[libvirt] RFC: Creating mediated devices with libvirt

Martin Polednik mpolednik at redhat.com
Thu Jun 22 12:55:13 UTC 2017


On 22/06/17 14:05 +0200, Erik Skultety wrote:
>On Thu, Jun 22, 2017 at 10:41:13AM +0200, Martin Polednik wrote:
>> On 16/06/17 18:14 +0100, Daniel P. Berrange wrote:
>> > On Fri, Jun 16, 2017 at 06:11:17PM +0100, Daniel P. Berrange wrote:
>> > > On Fri, Jun 16, 2017 at 11:02:55AM -0600, Alex Williamson wrote:
>> > > > On Fri, 16 Jun 2017 11:32:04 -0400
>> > > > Laine Stump <laine at redhat.com> wrote:
>> > > >
>> > > > > On 06/15/2017 02:42 PM, Alex Williamson wrote:
>> > > > > > On Thu, 15 Jun 2017 09:33:01 +0100
>> > > > > > "Daniel P. Berrange" <berrange at redhat.com> wrote:
>> > > > > >
>> > > > > >> On Thu, Jun 15, 2017 at 12:06:43AM +0200, Erik Skultety wrote:
>> > > > > >>> Hi all,
>> > > > > >>>
>> > > > > >>> so there's been an off-list discussion about finally implementing creation of
>> > > > > >>> mediated devices with libvirt and it's more than desired to get as many opinions
>> > > > > >>> on that as possible, so please do share your ideas. This did come up already as
>> > > > > >>> part of some older threads ([1] for example), so this will be a respin of the
>> > > > > >>> discussions. Long story short, we decided to put device creation off and focus
>> > > > > >>> on the introduction of the framework as such first and build upon that later,
>> > > > > >>> i.e. now.
>> > > > > >>>
>> > > > > >>> [1] https://www.redhat.com/archives/libvir-list/2017-February/msg00177.html
>> > > > > >>>
>> > > > > >>> ========================================
>> > > > > >>> PART 1: NODEDEV-DRIVER
>> > > > > >>> ========================================
>> > > > > >>>
>> > > > > >>> API-wise, device creation through the nodedev driver should be pretty
>> > > > > >>> straightforward and without any issues, since virNodeDevCreateXML takes an XML
>> > > > > >>> and does support flags. Looking at the current device XML:
>> > > > > >>>
>> > > > > >>> <device>
>> > > > > >>>   <name>mdev_0cce8709_0640_46ef_bd14_962c7f73cc6f</name>
>> > > > > >>>   <path>/sys/devices/pci0000:00/.../0cce8709-0640-46ef-bd14-962c7f73cc6f</path>
>> > > > > >>>   <parent>pci_0000_03_00_0</parent>
>> > > > > >>>   <driver>
>> > > > > >>>     <name>vfio_mdev</name>
>> > > > > >>>   </driver>
>> > > > > >>>   <capability type='mdev'>
>> > > > > >>>     <type id='nvidia-11'/>
>> > > > > >>>     <iommuGroup number='13'/>
>> > > > > >>>     <uuid>UUID<uuid> <!-- optional enhancement, see below -->
>> > > > > >>>   </capability>
>> > > > > >>> </device>
>> > > > > >>>
>> > > > > >>> We can ignore <path>,<driver>,<iommugroup> elements, since these are useless
>> > > > > >>> during creation. We also cannot use <name> since we don't support arbitrary
>> > > > > >>> names and we also can't rely on users providing a name in correct form which we
>> > > > > >>> would need to further parse in order to get the UUID.

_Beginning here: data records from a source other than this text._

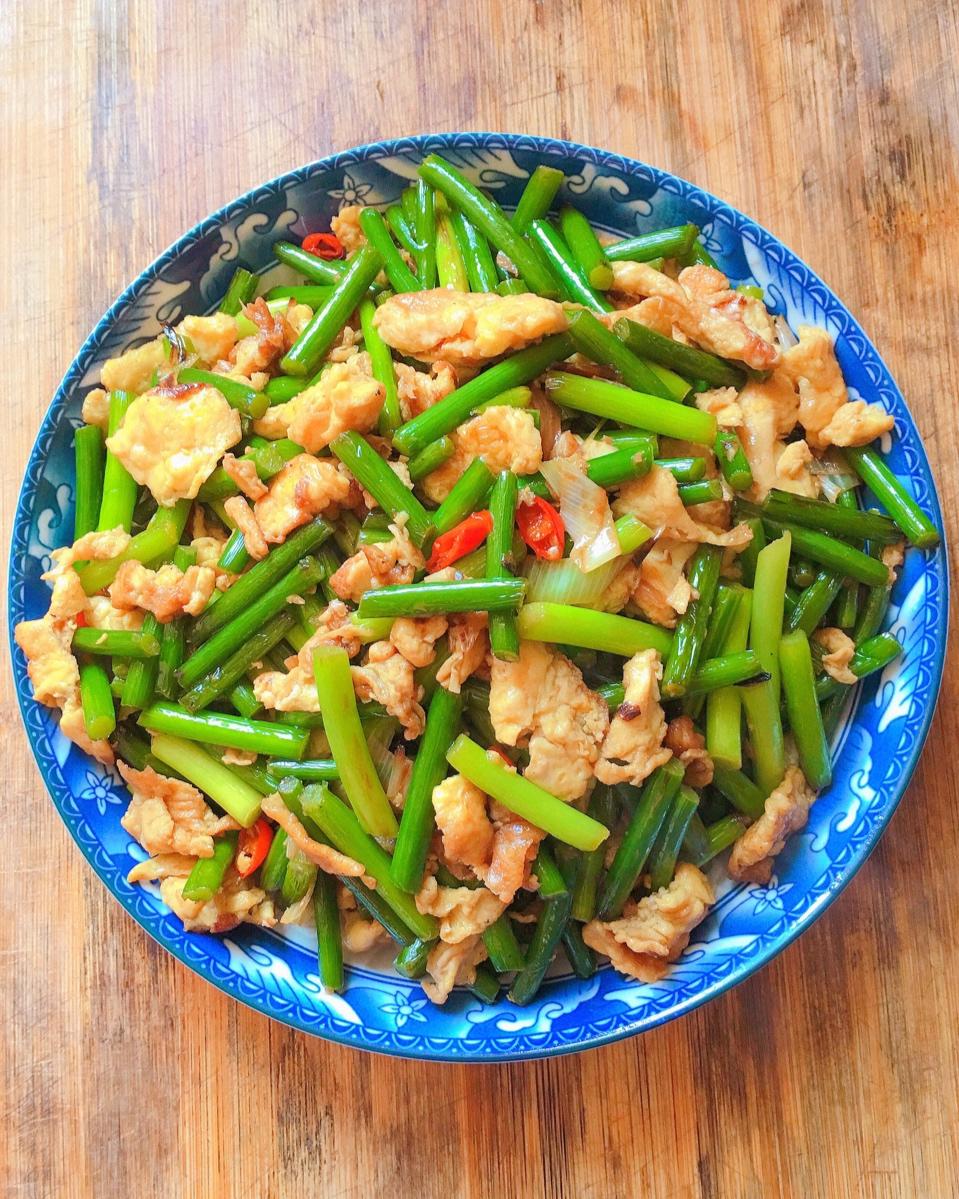 蒜薹炒鸡蛋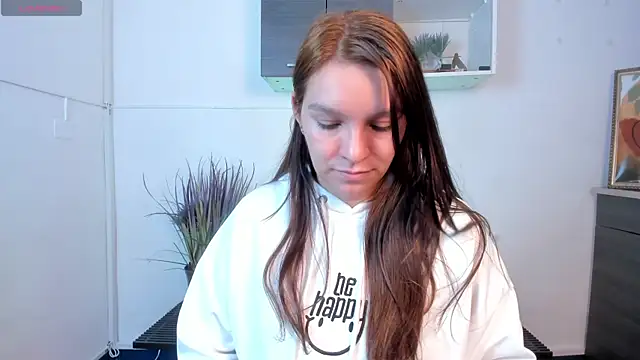 Snapshot of miataylorr1 chatting on December 6, 2024, 12:27 pm miataylorr1 online show from December 6, 2024, 12:27 pm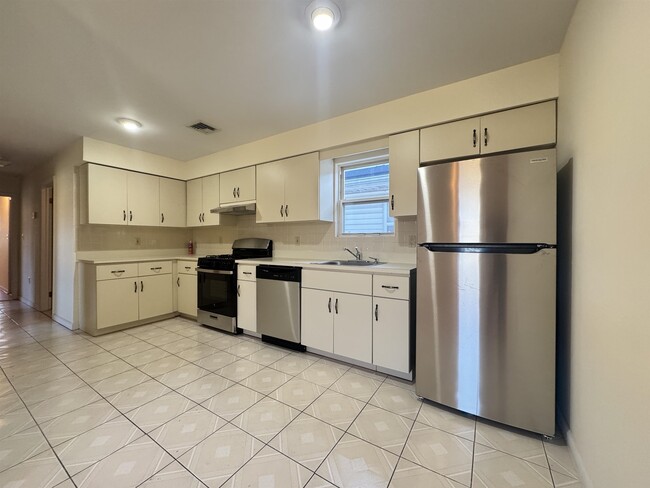 Photo - 4414 Liberty Ave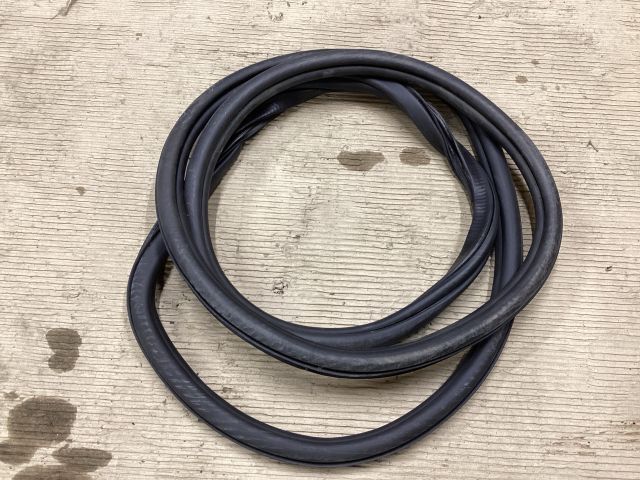 bontott VW PASSAT B8 Bal hátsó Gumikéder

>> > > > > >>> So since the only thing missing to successfully use create an mdev using XML is
>> > > > > >>> the UUID (if user doesn't want it to be generated automatically), how about
>> > > > > >>> having a <uuid> subelement under <capability> just like PCIs have <domain> and
>> > > > > >>> friends, USBs have <bus> & <device>, interfaces have <address> to uniquely
>> > > > > >>> identify the device even if the name itself is unique.
>> > > > > >>> Removal of a device should work as well, although we might want to
>> > > > > >>> consider creating a *Flags version of the API.
>> > > > > >>>
>> > > > > >>> =============================================================
>> > > > > >>> PART 2: DOMAIN XML & DEVICE AUTO-CREATION, NO POLICY INVOLVED!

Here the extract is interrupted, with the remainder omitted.